Work to be completed: What is needed is the full listing written out exactly, minus the pictures.

Input for this task:

%%

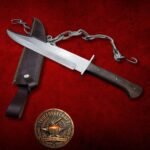 Bowie Knife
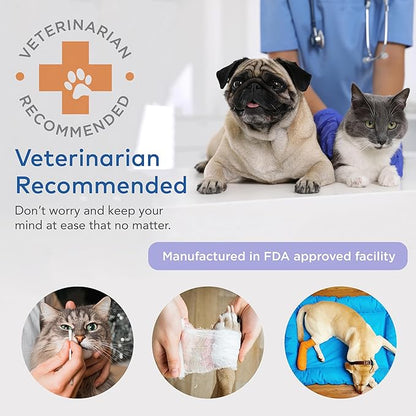 ARCA PET Cat & Dog First Aid Kit - Image 4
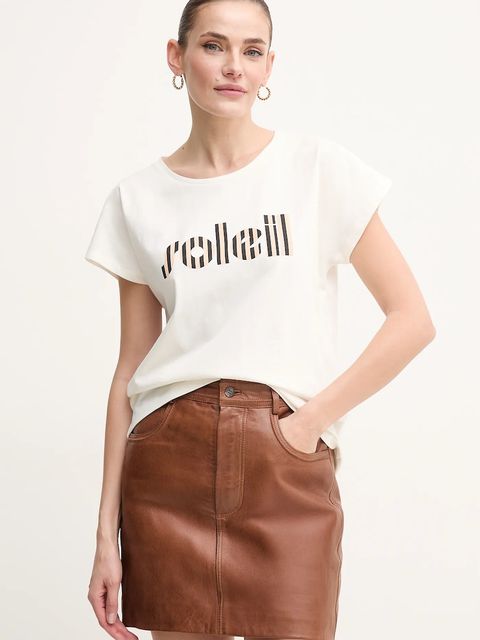 La Petite Française t-shirt bawełniany TYFANY - zdjęcie produktu nr 1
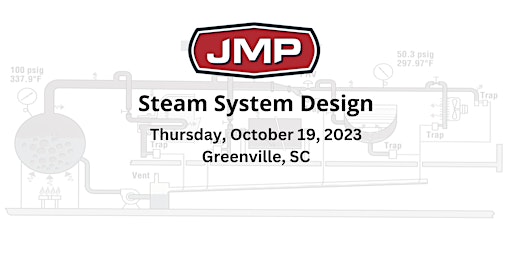 Steam System Design primary image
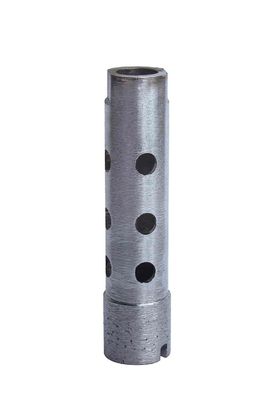 6mm tot 76mm Diamond Drill Core Bit Beetje van de 5 Duim het Droge Kern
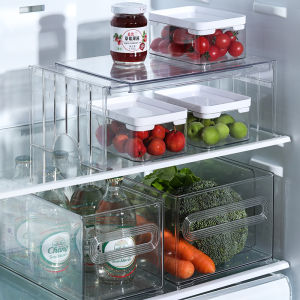 Refrigerator Organizing Shelf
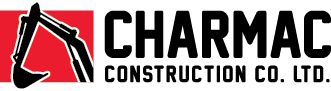 Charmac Construction Co Ltd Logo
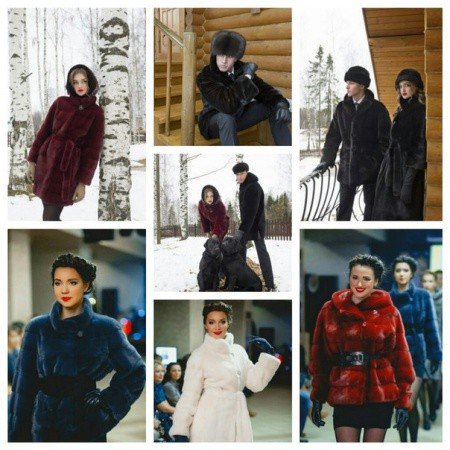 С наступающим Новым годом!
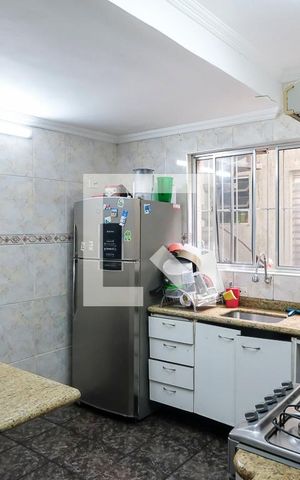 Casa à venda com 232m², 4 quartos e 4 vagasCozinha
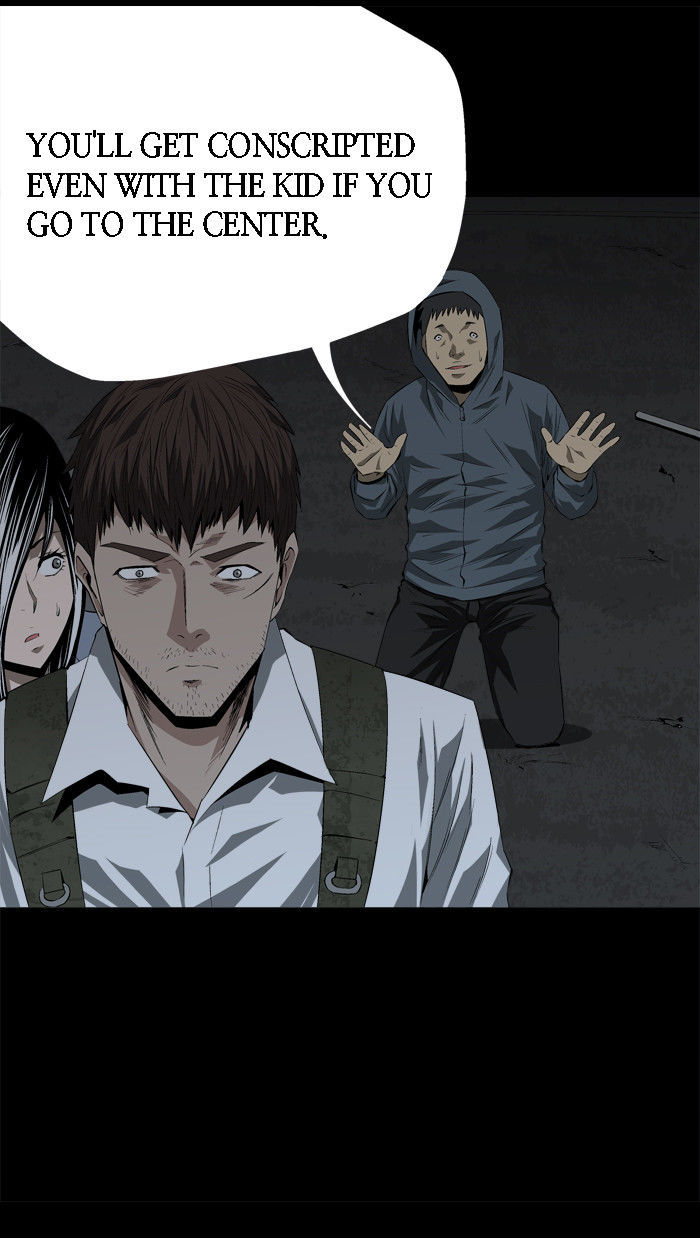 Hive Chapter 19 page 78 - Chapter 19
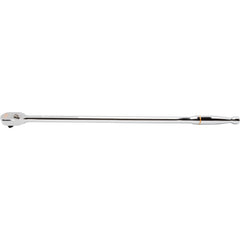 GEARWRENCH Gearwrench 81364XP 1/2 Drive Flexible Ratchet 60 Tooth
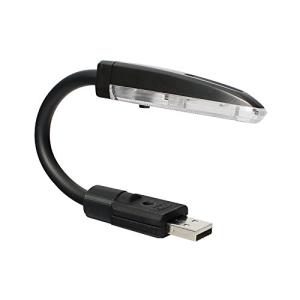 槌屋ヤック 車用 イルミネーション USB シンプルライト ブルー ZE-20の商品画像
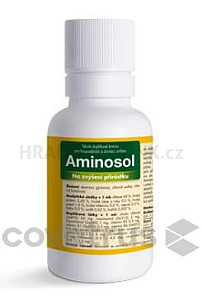 Aminosol - 30ml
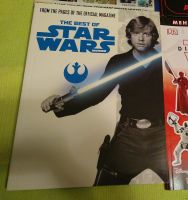 The Best of Star Wars Insider - Buch neuwertig ISBN 9781785851162 Niedersachsen - Dransfeld Vorschau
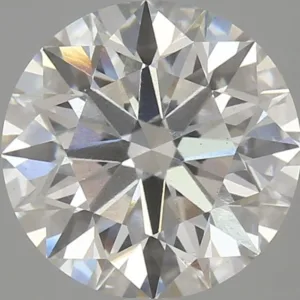 4.16 Carat Round G VS1 Lab Diamond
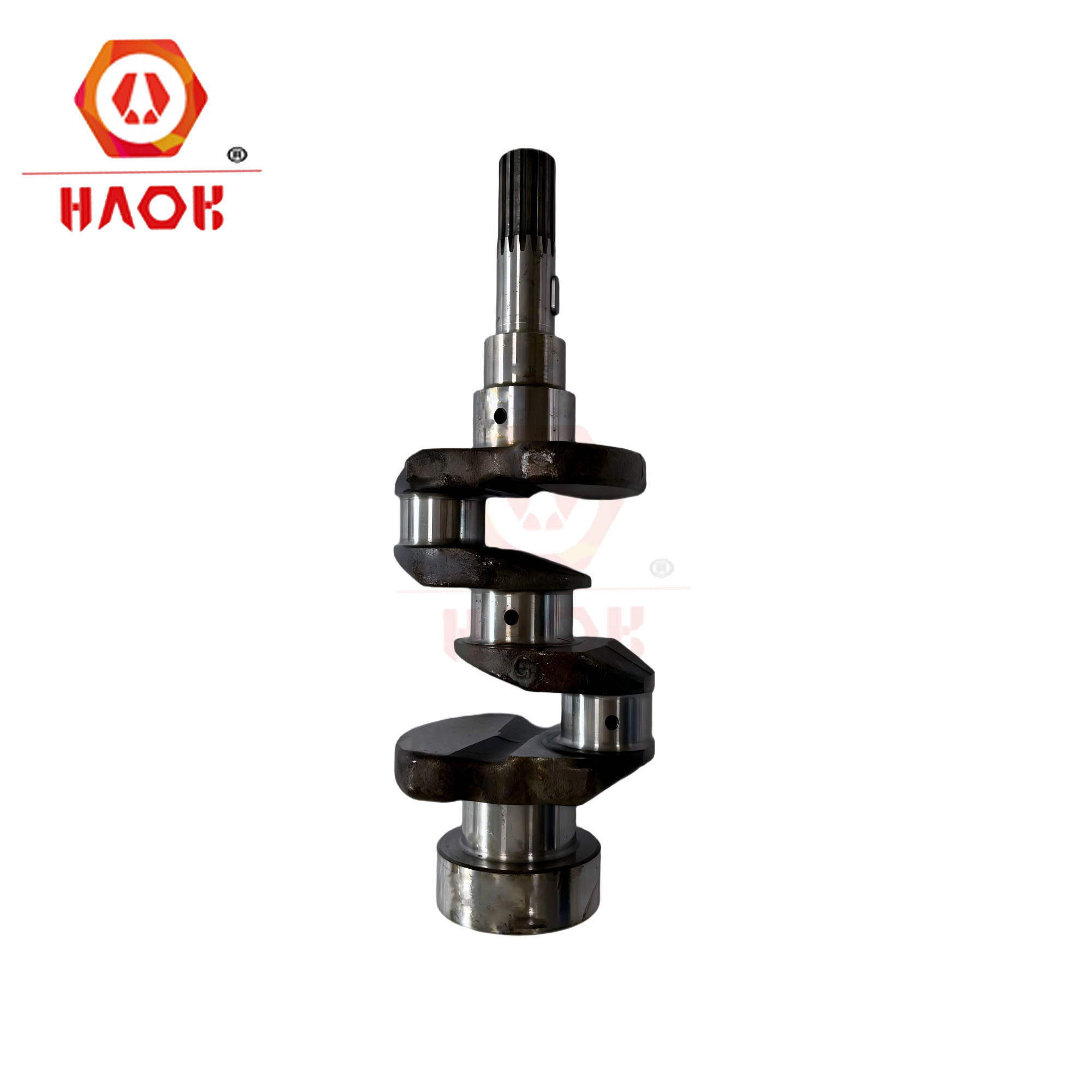  Crankshaft  KUBOTA Engine 16851-23013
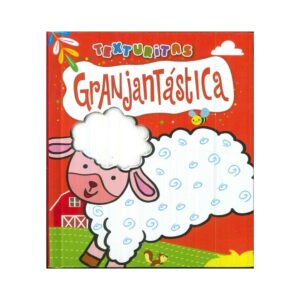 TEXTURITAS - GRANJANTASTICA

%%

Solved exercise:
 Bowie Knife
 ARCA PET Cat & Dog First Aid Kit - Image 4
 La Petite Française t-shirt bawełniany TYFANY - zdjęcie produktu nr 1
 Steam System Design primary image
 6mm tot 76mm Diamond Drill Core Bit Beetje van de 5 Duim het Droge Kern
 Refrigerator Organizing Shelf
 Charmac Construction Co Ltd Logo
 С наступающим Новым годом!
 Casa à venda com 232m², 4 quartos e 4 vagasCozinha
 Hive Chapter 19 page 78 - Chapter 19
 GEARWRENCH Gearwrench 81364XP 1/2 Drive Flexible Ratchet 60 Tooth
 槌屋ヤック 車用 イルミネーション USB シンプルライト ブルー ZE-20の商品画像
 Aminosol - 30ml
 The Best of Star Wars Insider - Buch neuwertig ISBN 9781785851162 Niedersachsen - Dransfeld Vorschau
 4.16 Carat Round G VS1 Lab Diamond
  Crankshaft  KUBOTA Engine 16851-23013
 TEXTURITAS - GRANJANTASTICA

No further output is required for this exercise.